The all women's gathering was also the start of
a series of planned activities of Babaylan Germany
in celebration of the 15th anniversary of Babaylan,
The Philippine Women's Network in Europe with
the theme: Gender, Migration and Development.
Part of the program was the announcement of the
official launching of the website of Babaylan Europe
www.babaylan-europe.org on March 8, 2007.
A brief exchange of comments about the film followed
with the women agreeing to set an extra gathering to
discuss on the role of women as mother and the importance
of her own identity as individual. It was followed
by a small salosalo and the welcoming of new full
pledged members of philippine women`s forum.

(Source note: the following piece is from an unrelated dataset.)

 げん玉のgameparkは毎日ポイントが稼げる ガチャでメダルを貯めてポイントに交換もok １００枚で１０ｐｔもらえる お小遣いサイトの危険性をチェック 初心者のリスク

Some inspiring one liners in the film as said by Lea,
the main character in the story played by Vilma Santos:
* What is important is what one has in mind and heart
and not his/her appearance.
* Hindi ikinakahiya ang katotohanan. One should not
feel embarrassed to tell the truth.
* Pag ikinakahiya, hindi dapat ginagawa. If one feels
shame about doing something, then one should
not do it at all.
* Bakit ang dalawang babae ng isang lalake, pag
nagkaharap, nag-aaway? Pag hindi sila nag-away,
parang hindi normal? Pero bakit yun dalawang
asawa kong lalake, nang nagkaharap sila, ako
ang inaway? Nagkampihan sila, inaway ako?
(When two women of a man meet, they claw
each other? if they don´t fight each other, it
does not look normal? When my two husbands
met each other, they ganged up on me!)
* Sa kanilang pagtatalik, nasusudsud sana ng
ari ng lalake ang kaluluwa ng babae. Makita
niya yun lihim ng babae na hindi nasasabi ng bibig.
*If I clung on you forever, I would have lost
myself. How could you live with someone
who has no identity? How could that woman
be a good mother if she herself has no identity?
* The most important question is how would
parents raise their children for them to grow up
to become just, decent and humane beings. For if
they were molded as such, then we would have by
now, a just, decent humane society that we could
proudly pass on to you all.

* Let us reach for the stars and make our collective
dreams come true.

Our thanks and appreciate go to Hans and Vanessa
Zarm for lending us their beamer and cd player for
our film evening.

My deep gratitude to my girlfriend Cecilia Rubio
Apolinario for giving me this CD film Bata, Bata Paano
Ka Ginawa. It has touched many women like she has
touched many lives of migrant women in Italy.
She will be dearly missed by her friends. We will always
keep the beautiful memories we had together as childhood
friends and as migrant women working abroad for the love
of their children.

Thursday, March 08, 2007

International Women's Day March 08

International Women's Day (8 March) is an occasion marked by women's groups around the world. This date is also commemorated at the United Nations and is designated in many countries as a national holiday. When women on all continents, often divided by national boundaries and by ethnic, linguistic, cultural, economic and political differences, come together to celebrate their Day, they can look back to a tradition that represents at least nine decades of struggle for equity, justice, peace and development.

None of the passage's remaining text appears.